Mailing-List: contact jena-dev-help@incubator.apache.org; run by ezmlm
Precedence: bulk
Reply-To: jena-dev@incubator.apache.org
Received-SPF: pass (athena.apache.org: local policy)
Message-ID: <4E0C5D98.2080707@epimorphics.com>
Date: Thu, 30 Jun 2011 12:27:20 +0100
From: Andy Seaborne <andy.seaborne@epimorphics.com>
User-Agent: Mozilla/5.0 (X11; U; Linux x86_64; en-US;
 rv:1.9.2.17) Gecko/20110516 Thunderbird/3.1.10
MIME-Version: 1.0
To: jena-dev@incubator.apache.org
Subject: Re: BulkLoader error with large data and fast harddrive
References: <BANLkTimPbne+J-bN52NK2DONfv4Ojm_+Bg@mail.gmail.com>
	<4DFF9FB8.9080006@epimorphics.com>
	<BANLkTikD8EcLYXA-wOfRhjy27c9B_36t3A@mail.gmail.com>
	<4DFFB434.2050405@epimorphics.com>
	<BANLkTimyrpaN1aVV06wR0mVGQU-S9UGTTg@mail.gmail.com>
	<4E0051E7.1000300@epimorphics.com>	<4E09B838.7090004@epimorphics.com>
	<BANLkTi=qeCtKPwqFc51YyFxyawo7YCiJXg@mail.gmail.com>
	<4E0A3A00.5050000@epimorphics.com>
	<BANLkTin=hACy4mzGBUcwG+ogWa4Uuf7cPA@mail.gmail.com>
	<BANLkTik1QJuwb1Pc9PfNH8dcNvpCWXAv4w@mail.gmail.com>
 <BANLkTinJ9A4NLKW-FrXy9dgFW9caNHL-Uw@mail.gmail.com>
In-Reply-To: <BANLkTinJ9A4NLKW-FrXy9dgFW9caNHL-Uw@mail.gmail.com>
Content-Type: text/plain; charset=UTF-8; format=flowed
Content-Transfer-Encoding: 7bit

On 29/06/11 00:36, jp wrote:
> tdbloader2 was able to load the file.

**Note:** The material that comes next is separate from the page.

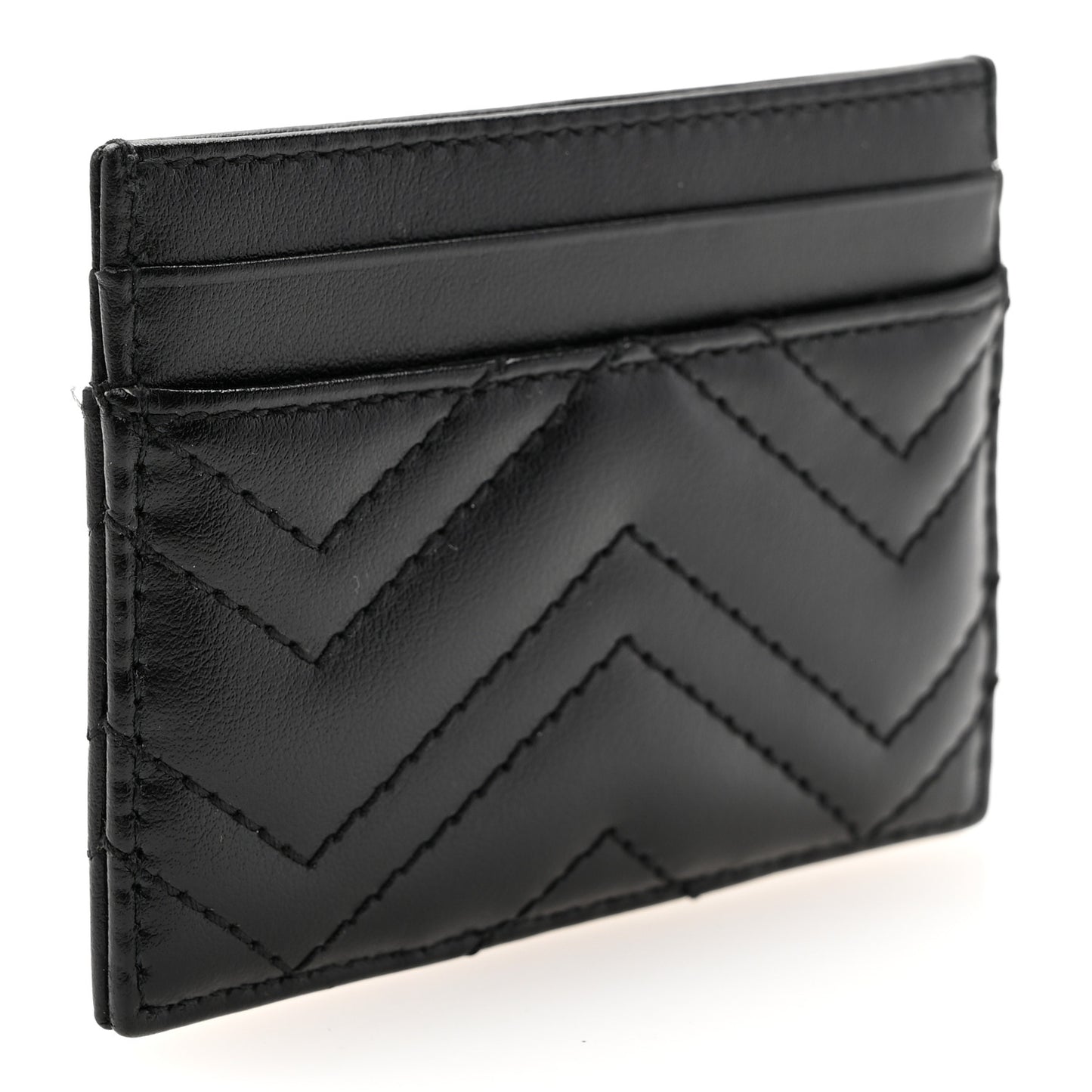 Calfskin Matelasse GG Marmont Card Holder Black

Log can be found here
> http://www.kosmyna.com/tdbloader2.log
> I guess the questions now are What's the difference between tdbloader2
> and the test application? and Why does tdbloader fail?

tdbloader also works for me on my SSD.

The test application is using the pure Java loader - tdbloader is a 
command line wrapper to that loader.  tdbloader2 is different.

tdbloader in the data phase loads the node table (one index, one object 
file) and the primary triple index (SPO - also an index file).  So it 
has two indexes open, each is a pair of memory mapped files.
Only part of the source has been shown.